As soon as a party files a petition or answer with the court, the matter is assigned to a judge or referee who will be responsible for all aspects of your case until its conclusion. Within two or three weeks, the Court will schedule an Initial Case Management Conference (“ICMC”). All lawyers and both parties must appear at the ICMC. And, in almost all circumstances the parties will not be allowed to file motions, including temporary motions, until the ICMC takes place.  Prior to the ICMC each party fills out as simple form that provides an overview to the court of the issues relevant to their case.

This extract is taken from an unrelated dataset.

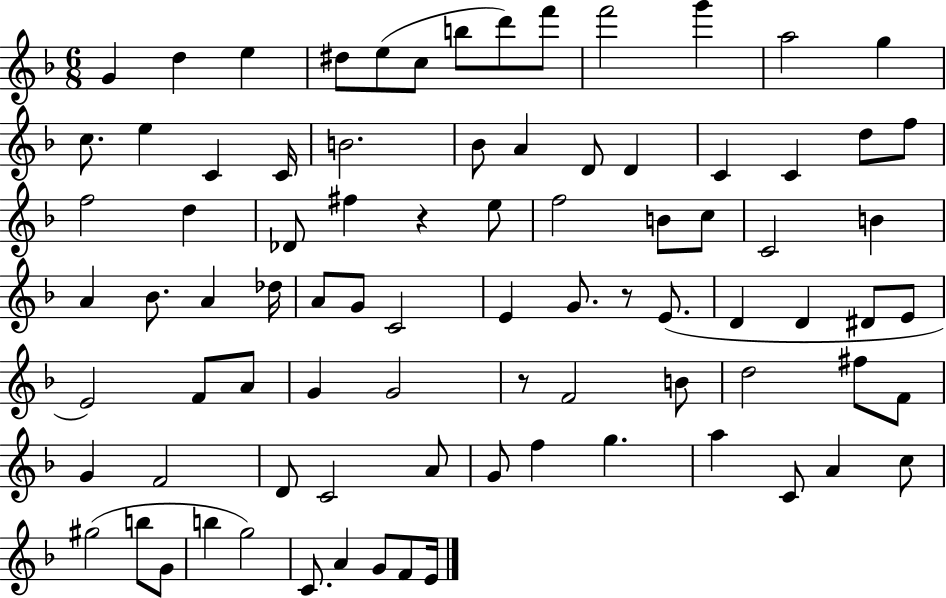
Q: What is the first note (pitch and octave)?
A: G4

Depending on the judge or referee, most ICMC’s are informal. The judge will come into the courtroom and give a small presentation to the parties. There is no court reporter and no one gives testimony. This presentation has a common theme- the benefit of working cooperatively to reach a mediated settlement.

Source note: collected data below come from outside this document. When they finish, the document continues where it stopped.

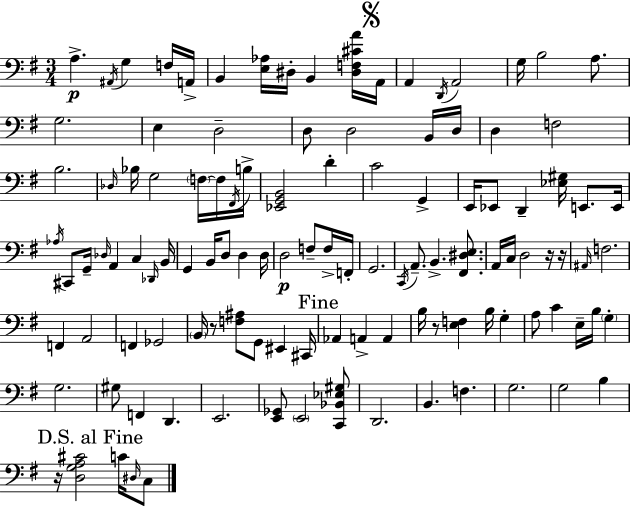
{
  \clef bass
  \numericTimeSignature
  \time 3/4
  \key e \minor
  \repeat volta 2 { a4.->\p \acciaccatura { ais,16 } g4 f16 | a,16-> b,4 <e aes>16 dis16-. b,4 <dis f cis' a'>16 | \mark \markup { \musicglyph "scripts.segno" } a,16 a,4 \acciaccatura { d,16 } a,2 | g16 b2 a8. | \break g2. | e4 d2-- | d8 d2 | b,16 d16 d4 f2 | \break b2. | \grace { des16 } bes16 g2 | \parenthesize f16~~ f16 \acciaccatura { fis,16 } b16-> <ees, g, b,>2 | d'4-. c'2 | \break g,4-> e,16 ees,8 d,4-- <ees gis>16 | e,8. e,16 \acciaccatura { aes16 } cis,8 g,16-- \grace { des16 } a,4 | c4 \grace { des,16 } b,16 g,4 b,16 | d8 d4 d16 d2\p | \break f8-- f16-> f,16-. g,2. | \acciaccatura { c,16 } a,8.-- b,4.-> | <fis, dis e>8. a,16 c16 d2 | r16 r16 \grace { ais,16 } f2. | \break f,4 | a,2 f,4 | ges,2 \parenthesize b,16 r8 | <f ais>8 g,8 eis,4 cis,16 \mark "Fine" aes,4 | \break a,4-> a,4 b16 r8 | <e f>4 b16 g4-. a8 c'4 | e16-- b16 \parenthesize g4-. g2. | gis8 f,4 | \break d,4. e,2. | <e, ges,>8 \parenthesize e,2 | <c, bes, ees gis>8 d,2. | b,4. | \break f4. g2. | g2 | b4 \mark "D.S. al Fine" r16 <d g a cis'>2 | c'16 \grace { dis16 } c8 } \bar "|."
}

The judge will then discuss what issues they believe your case presents, what needs to be done to reach a resolution of those issues, what procedures are necessary to prepare the matter for resolution (either through subsequent settlement or trial) and how much time will be needed to complete these tasks.

The parties are also given an opportunity to dispose of issues they have already resolved.  Some judges will allow this information to be placed on the record. At this point, it will also be determined whether a temporary hearing is necessary (for thing like temporary maintenance and support).

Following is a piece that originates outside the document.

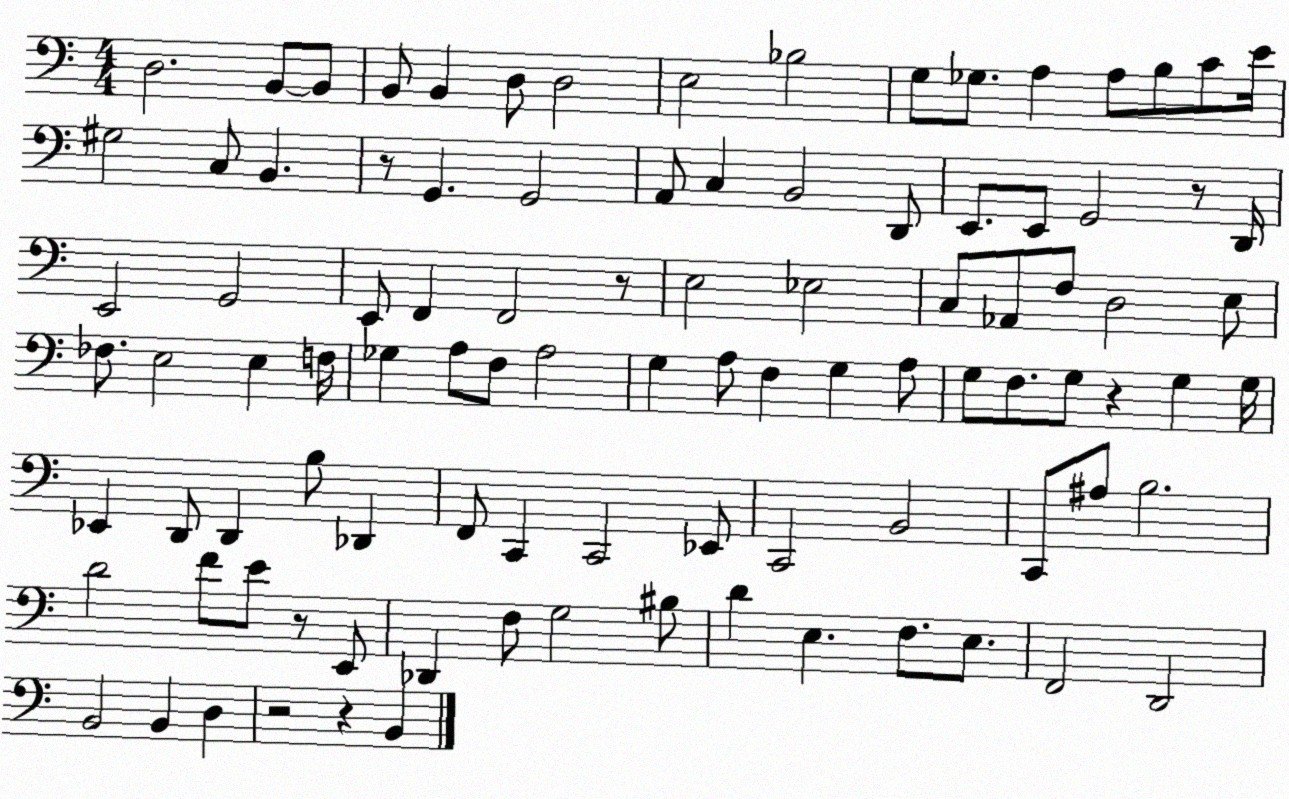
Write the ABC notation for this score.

Next, the parties discuss with the court whether one or both of the processes called early neutral evaluations would be beneficial to the parties. If the court is advised a custody/parenting time issue is present, the judge will likely order that the parties participate in a Social Early Neutral Evaluation (“SENE”). In this process the parties and counsel are scheduled to meet with two  evaluators – one male and one female.

At the SENE, each party tells their story and then responds to questions posed by the evaluators as to how they have traditionally parented/co-parented the children, and what custody/parenting time arrangement each desires. The two evaluators will then briefly adjourn, and then return to advise the parties what recommendation would result from a full custody evaluation. Lawyers usually attend the SENE with their clients, but often they say little.  Frankly, the parties know their situation better than the lawyers. Many parties are able to reach a settlement of most parenting time issues after hearing this informal report.

A second option is a financial Financial Early Neutral Evaluation (“FENE”.)  An FENE is for people who are having difficulties amicably dividing assets and debts. This is not the place to discuss who gets the bedroom set, but how to divide pensions and real estate. As part of this process, other trained attorneys or financial experts not involved in the matter are chosen as an evaluator.  They are provided with financial information as to the parties’ respective income, needs, and assets. This expert then advises the parties of what result he or she believes would occur as a result of a trial on the matter.

Different attorneys have different opinions about the ICMC/ENE process.  Frankly, I think it is very useful and although takes some time and cost up front, is cost saving because it prevents expensive and protracted litigation. A good judge can be very helpful in resolving matters at the ICMC which prevents the parties from needing to seek temporary relief.  Moreover, I personally believe the ENE process is much more effective than mediation.  At most ENEs, the parties remain in one room together versus being split up into separate rooms: this forces dialogue between the parties.  Moreover, quite often a mediator will not provide his or her opinion on the case in the same manner an evaluator will.  This is especially true at an SENE where the evaluators provide suggestions that at minimum can work as framework for making final custody decisions.